By Anh Ky   March 10, 2024 | 07:50 pm PT
The average house price in Vietnam is 23.75 times the annual household income, up from last year’s 23.5, according to Serbia-based statistics site Numbeo.

According to the Ministry of Construction, the house-price-to-income metric is used by many countries to assess the "reasonableness" of house prices.

The ration has risen by a fifth since 2019. This means houses have become increasingly out of reach for Vietnamese in the past five years.

But the same trend can be seen in many other countries, according to real estate agency Avison Young Vietnam.

In the 2019-24 period several Asian countries, such as the Philippines and Indonesia saw even higher house-price-to-income growth rates than Vietnam of 23.69% and 36.83%.

Some other countries like South Korea had lower growth rates (13.21%).

Singapore and Hong Kong were outliers with the ratio decreasing by 33.8% and 35.05%.

In the latter it was at 32.1.

An increasing number of young Vietnamese are considering renting instead of buying a house, given the rising house-price-to-income, Avison Young said.

But rents are also rising, it noted.

In HCMC and Hanoi, the country’s two biggest cities, house rents and other related costs have been on the rise for the last three years.

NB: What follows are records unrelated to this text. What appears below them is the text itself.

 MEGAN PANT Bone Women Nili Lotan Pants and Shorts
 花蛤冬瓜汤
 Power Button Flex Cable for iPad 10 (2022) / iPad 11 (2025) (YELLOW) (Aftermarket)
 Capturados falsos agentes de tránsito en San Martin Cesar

Data from the General Statistics Office showed that the housing and construction materials price index increased by 0.43% in February.

Specifically, house maintenance material costs increased by 0.48%, home repair services by 0.71%, electricity tariffs by 0.78%, and water tariffs by 1.73%.

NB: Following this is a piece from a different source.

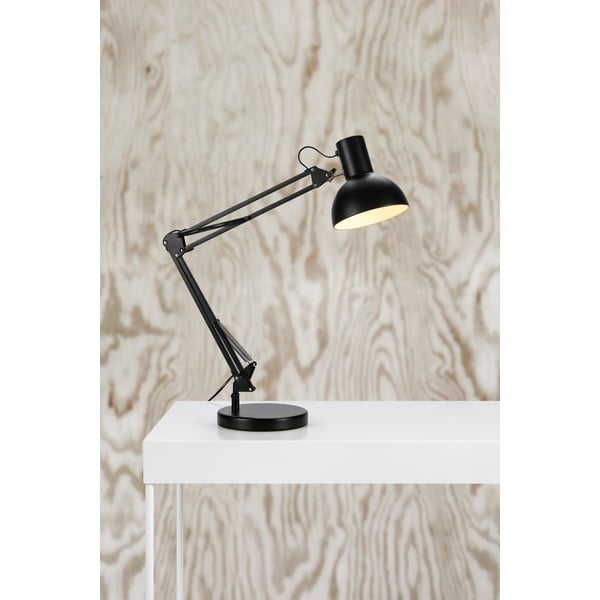 Černá stolní lampa Architect - Markslöjd-image-2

As living costs, house prices and rents rise, an increasingly higher proportion of urban residents' incomes go toward housing, an essential need that is gradually inching toward becoming a "luxury," according to Avison Young.

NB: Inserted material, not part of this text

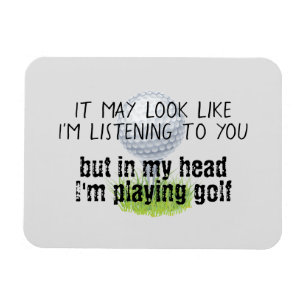 Íman Golfe engraçado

It said that expanding the urban population towards outskirts or even adjacent provinces could make housing more accessible.

However, with an urbanization rate of 42.6%, and forecast to reach 50% by 2030, the housing issue requires a more multidimensional approach, it said.

Increasing housing supply is a sustainable way to stabilize prices and rents.

David Jackson, CEO of Avison Young Vietnam, said housing should be seen as "essential infrastructure for social welfare" just like roads, electricity and water.

"Thus, housing development policies should be built with the aim of addressing social welfare issues and be supported by long-term state investment funds as well as subsidized credit."

Additionally, private developers should focus on properties that serve housing needs.

"The housing challenge will be more severe if properties in the real estate market do not correspond to the actual value they provide to the community and society, specifically in satisfying housing needs."